Notes for developing local standards for master images of large format scans (above 17 x 24 inches physical size).
MASTER
TIFF Format, uncompressed, flat
24 bit depth
400 ppi
General file size 800MB - no greater than 1.5 GB
ACCESS
Use JP2 format for Zoomable display
see specs at https://digitalriceprojects.pbworks.com/w/page/49937056/JPEG2000%20Profile
Embedding layers into TIFFs will greatly increase file size (more than double), so all final master TIFFs should be flat if processed using Photoshop or other imaging editing tool.
Since scanning at “real size”, use of 400ppi should be sufficient
Reasonable file size may be 800MB or less. Set maximum file size of 1.5GB.
the largest map scanned to date is around 1.2GB but this map is a composite (merged in photoshop) of 3 scans. Expectation is that most maps will be much less than 1GB
If file size is greater than 1.5 GB may need to resample using 5000-10000pixels at long side
Policy: No scans of Rice Campus buildings will be placed in the IR for security purposes per Lee Pecht.
Local projects should develop a method for tracking file sizes for large scale images to estimate digital preservation storage needs. This should be reported to DSS once a year for budgeting purposes.
Some overly large files can not use adobe (Bridge or Photoshop) to embed metadata. In such cases, use EXIF tool (see below for steps).
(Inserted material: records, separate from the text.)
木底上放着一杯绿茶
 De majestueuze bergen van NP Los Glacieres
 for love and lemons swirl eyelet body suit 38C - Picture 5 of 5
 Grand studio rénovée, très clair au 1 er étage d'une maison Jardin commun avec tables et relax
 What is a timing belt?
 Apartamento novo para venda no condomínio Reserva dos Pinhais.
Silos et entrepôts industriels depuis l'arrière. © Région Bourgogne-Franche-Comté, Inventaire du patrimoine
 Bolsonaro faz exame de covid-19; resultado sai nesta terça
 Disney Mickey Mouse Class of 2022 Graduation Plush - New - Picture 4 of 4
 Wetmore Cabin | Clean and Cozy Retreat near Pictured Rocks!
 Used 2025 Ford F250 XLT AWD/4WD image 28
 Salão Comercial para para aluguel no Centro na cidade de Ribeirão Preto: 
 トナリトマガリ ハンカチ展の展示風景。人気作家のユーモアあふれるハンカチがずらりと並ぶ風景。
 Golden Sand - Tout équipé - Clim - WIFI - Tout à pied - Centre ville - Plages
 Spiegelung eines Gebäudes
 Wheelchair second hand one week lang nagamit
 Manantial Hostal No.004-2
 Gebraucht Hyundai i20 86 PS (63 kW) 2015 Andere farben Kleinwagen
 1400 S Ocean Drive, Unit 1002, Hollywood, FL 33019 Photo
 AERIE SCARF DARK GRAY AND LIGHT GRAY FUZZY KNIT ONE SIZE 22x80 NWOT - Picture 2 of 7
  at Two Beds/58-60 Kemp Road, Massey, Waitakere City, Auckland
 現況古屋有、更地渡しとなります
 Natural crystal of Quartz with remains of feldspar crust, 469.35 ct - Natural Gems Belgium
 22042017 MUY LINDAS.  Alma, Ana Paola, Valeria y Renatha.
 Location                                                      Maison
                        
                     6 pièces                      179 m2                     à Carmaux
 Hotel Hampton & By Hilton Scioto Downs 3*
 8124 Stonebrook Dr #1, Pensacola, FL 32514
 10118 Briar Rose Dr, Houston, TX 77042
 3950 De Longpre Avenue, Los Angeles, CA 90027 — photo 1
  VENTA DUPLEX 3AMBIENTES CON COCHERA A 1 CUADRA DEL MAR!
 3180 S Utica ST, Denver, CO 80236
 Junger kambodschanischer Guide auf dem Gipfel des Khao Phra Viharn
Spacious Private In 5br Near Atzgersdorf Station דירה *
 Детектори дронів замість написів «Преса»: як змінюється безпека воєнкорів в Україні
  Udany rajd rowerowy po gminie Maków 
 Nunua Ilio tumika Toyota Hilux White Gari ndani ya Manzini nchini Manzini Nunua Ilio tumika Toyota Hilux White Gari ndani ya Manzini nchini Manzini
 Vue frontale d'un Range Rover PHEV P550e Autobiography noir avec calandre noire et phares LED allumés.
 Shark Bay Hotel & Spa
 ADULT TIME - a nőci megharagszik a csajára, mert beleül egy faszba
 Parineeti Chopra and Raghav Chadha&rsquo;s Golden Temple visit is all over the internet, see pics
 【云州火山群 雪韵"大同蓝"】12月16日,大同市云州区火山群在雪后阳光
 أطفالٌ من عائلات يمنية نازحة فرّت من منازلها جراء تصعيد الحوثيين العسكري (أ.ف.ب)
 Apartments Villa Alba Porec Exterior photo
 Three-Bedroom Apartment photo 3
tips for merging files, see Image editing tips
Benefit: Greatly reduce storage needs and related costs in the event of significant growth of large scale scans. This practice of using JPEG2000 as masters is currently being used at the Library of Congress, British Library and Wellcome Library.
Known issues with using JP2 format as master
loss of color profile info
Need special software to view/create JP2 files
Therefore not recommended to use JP2 as master format at this time.
Can automate creation of unique metadata for individual files using *.bat file. Tip: Use excel to capture unique metadata and then copy/paste data in *.bat file and run from command line window.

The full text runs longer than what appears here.